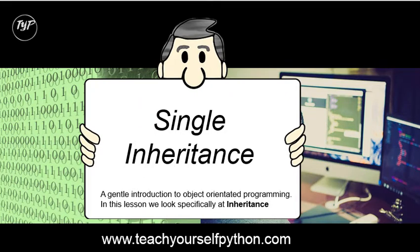Welcome to this video on object-oriented programming, where we're going to look specifically at the concept of inheritance.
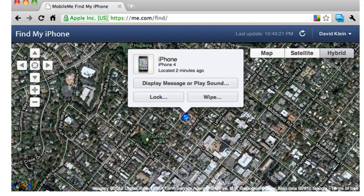You can also choose to remotely delete all the data from your device. Click on the white button and you will see a warning to confirm your command. Click the Erase All Data button. This will delete all data, preventing the thief from accessing your personal information.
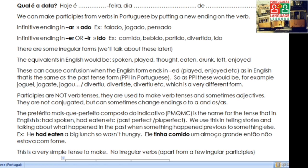These can be a bit confusing for language learners because when the English form ends in ED — things like PLAYED, ENJOYED, etc. — in English that's the same as the past tense, the PPI. But remember, the PPI in Portuguese would be, for example, JOGAR → JOGOU, JOGAMOS, JOGARAM, etc., which is very different. So although we sometimes have the same form in English, we have to think: is it a past tense verb or is it a participle? That's one common point of confusion.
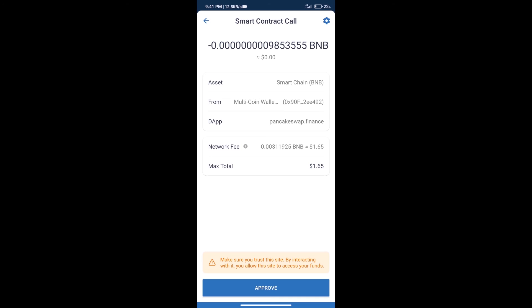After that, we will click on Approve, and finally we will get this token successfully. So guys, I have only shared the technical process, not financial advice. Invest in cryptocurrency at your own risk. Thanks for watching.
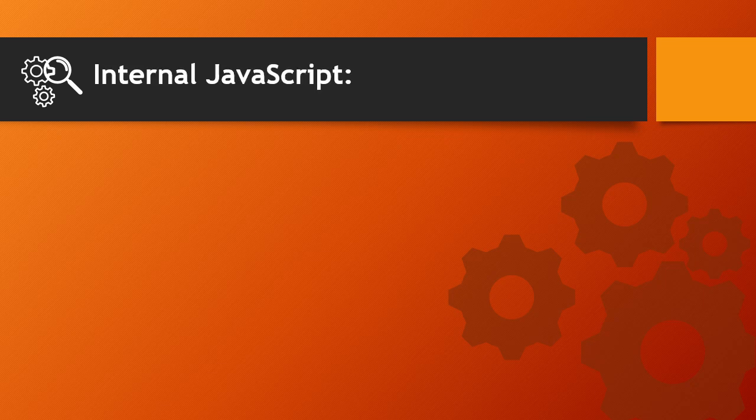We can use JavaScript in HTML in two ways: Internal JavaScript and external JavaScript.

* * *

• **Action item**: Write out the lines from the start of the material to the line with "You can also", inclusive and exactly. Skip the pictures.

• **Response**:
Welcome to this video on object-oriented programming, where we're going to look specifically at the concept of inheritance.
You can also choose to remotely delete all the data from your device. Click on the white button and you will see a warning to confirm your command. Click the Erase All Data button. This will delete all data, preventing the thief from accessing your personal information.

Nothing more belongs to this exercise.